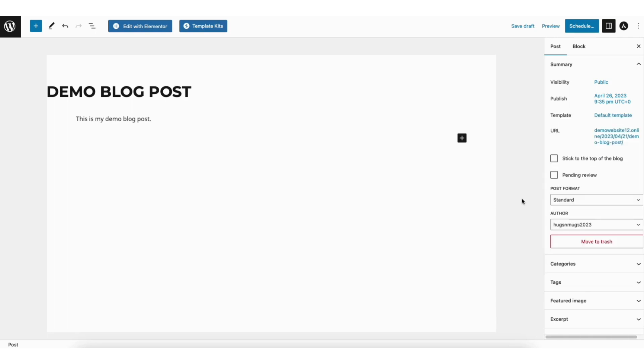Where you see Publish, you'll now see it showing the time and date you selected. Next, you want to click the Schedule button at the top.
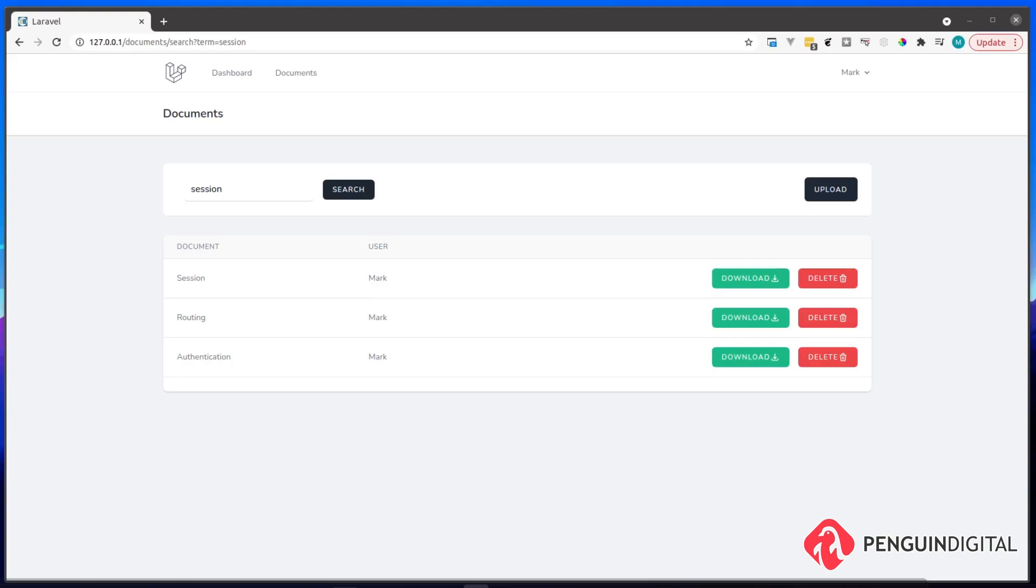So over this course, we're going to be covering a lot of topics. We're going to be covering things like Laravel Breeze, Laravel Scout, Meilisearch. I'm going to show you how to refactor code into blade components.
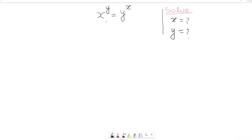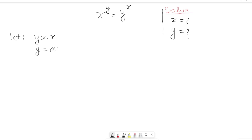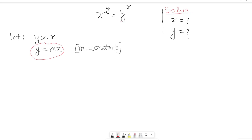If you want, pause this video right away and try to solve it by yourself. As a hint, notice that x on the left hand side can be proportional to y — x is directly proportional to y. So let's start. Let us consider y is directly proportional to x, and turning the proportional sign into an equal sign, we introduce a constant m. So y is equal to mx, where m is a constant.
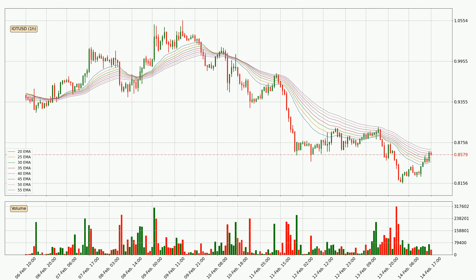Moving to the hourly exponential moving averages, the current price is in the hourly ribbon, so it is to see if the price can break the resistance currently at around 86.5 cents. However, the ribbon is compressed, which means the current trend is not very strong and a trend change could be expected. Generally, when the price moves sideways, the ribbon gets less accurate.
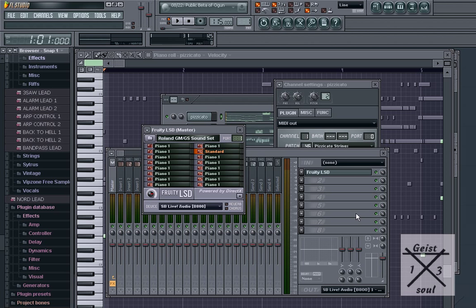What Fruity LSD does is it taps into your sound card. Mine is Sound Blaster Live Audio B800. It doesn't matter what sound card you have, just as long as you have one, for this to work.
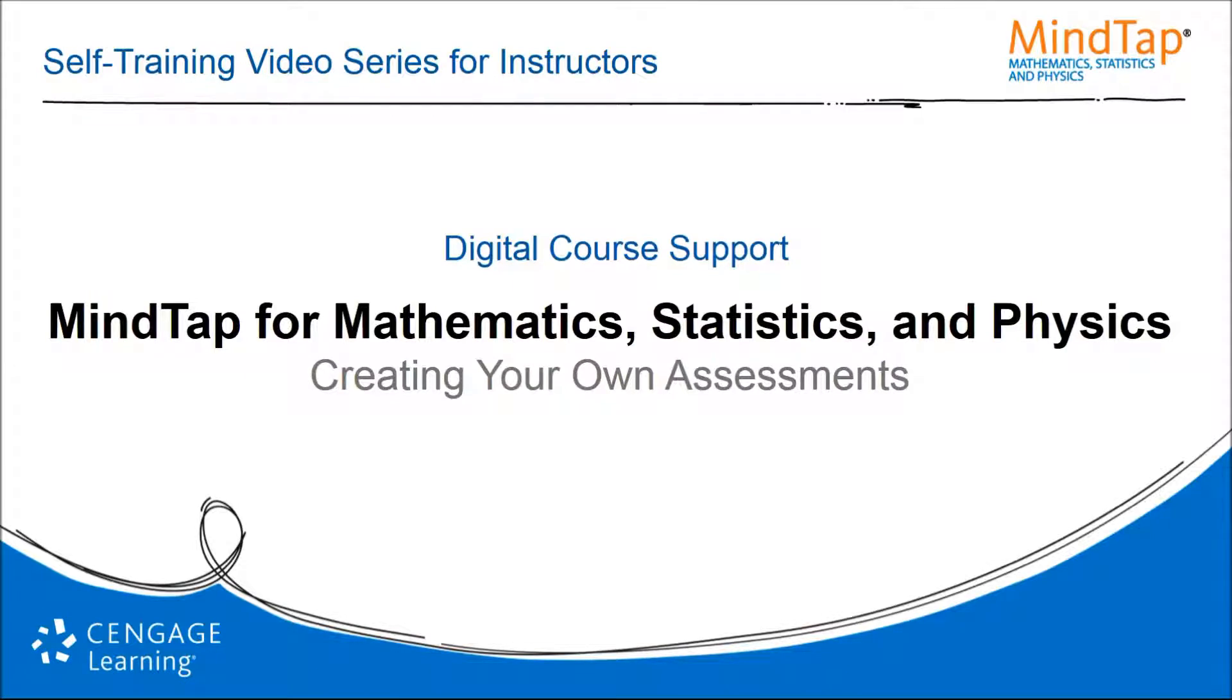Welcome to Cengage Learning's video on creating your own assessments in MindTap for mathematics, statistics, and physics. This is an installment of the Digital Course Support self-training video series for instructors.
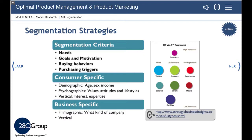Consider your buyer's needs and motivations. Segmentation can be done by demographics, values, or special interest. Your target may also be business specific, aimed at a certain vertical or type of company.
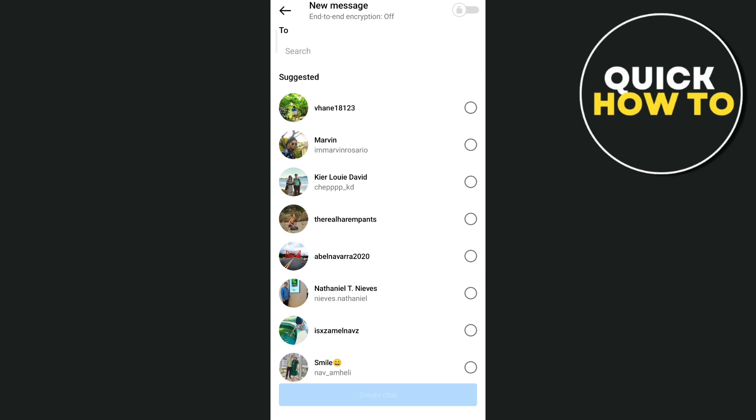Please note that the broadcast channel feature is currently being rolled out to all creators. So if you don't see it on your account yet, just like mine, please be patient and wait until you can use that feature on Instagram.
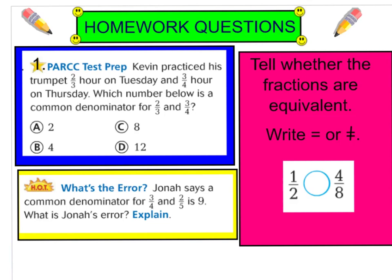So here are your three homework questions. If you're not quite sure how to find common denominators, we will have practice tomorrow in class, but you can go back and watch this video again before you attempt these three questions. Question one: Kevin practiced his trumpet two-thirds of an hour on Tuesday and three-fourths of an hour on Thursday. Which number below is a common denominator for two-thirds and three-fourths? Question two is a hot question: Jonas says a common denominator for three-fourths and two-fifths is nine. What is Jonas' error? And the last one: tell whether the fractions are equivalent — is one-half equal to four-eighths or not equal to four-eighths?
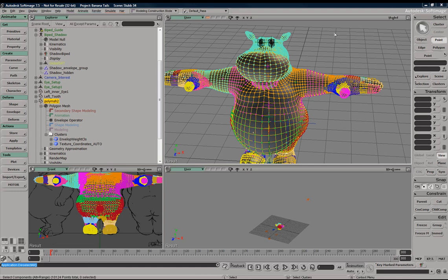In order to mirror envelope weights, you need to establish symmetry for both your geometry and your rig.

··········

#### [WHAT IS BEING ASKED]
Exact copy, no pictures: please print every record above as written.

#### [EXERCISE SOLUTION]
Where you see Publish, you'll now see it showing the time and date you selected. Next, you want to click the Schedule button at the top.
So over this course, we're going to be covering a lot of topics. We're going to be covering things like Laravel Breeze, Laravel Scout, Meilisearch. I'm going to show you how to refactor code into blade components.
If you want, pause this video right away and try to solve it by yourself. As a hint, notice that x on the left hand side can be proportional to y — x is directly proportional to y. So let's start. Let us consider y is directly proportional to x, and turning the proportional sign into an equal sign, we introduce a constant m. So y is equal to mx, where m is a constant.
Moving to the hourly exponential moving averages, the current price is in the hourly ribbon, so it is to see if the price can break the resistance currently at around 86.5 cents. However, the ribbon is compressed, which means the current trend is not very strong and a trend change could be expected. Generally, when the price moves sideways, the ribbon gets less accurate.
What Fruity LSD does is it taps into your sound card. Mine is Sound Blaster Live Audio B800. It doesn't matter what sound card you have, just as long as you have one, for this to work.
Welcome to Cengage Learning's video on creating your own assessments in MindTap for mathematics, statistics, and physics. This is an installment of the Digital Course Support self-training video series for instructors.
Consider your buyer's needs and motivations. Segmentation can be done by demographics, values, or special interest. Your target may also be business specific, aimed at a certain vertical or type of company.
Please note that the broadcast channel feature is currently being rolled out to all creators. So if you don't see it on your account yet, just like mine, please be patient and wait until you can use that feature on Instagram.
So here are your three homework questions. If you're not quite sure how to find common denominators, we will have practice tomorrow in class, but you can go back and watch this video again before you attempt these three questions. Question one: Kevin practiced his trumpet two-thirds of an hour on Tuesday and three-fourths of an hour on Thursday. Which number below is a common denominator for two-thirds and three-fourths? Question two is a hot question: Jonas says a common denominator for three-fourths and two-fifths is nine. What is Jonas' error? And the last one: tell whether the fractions are equivalent — is one-half equal to four-eighths or not equal to four-eighths?
In order to mirror envelope weights, you need to establish symmetry for both your geometry and your rig.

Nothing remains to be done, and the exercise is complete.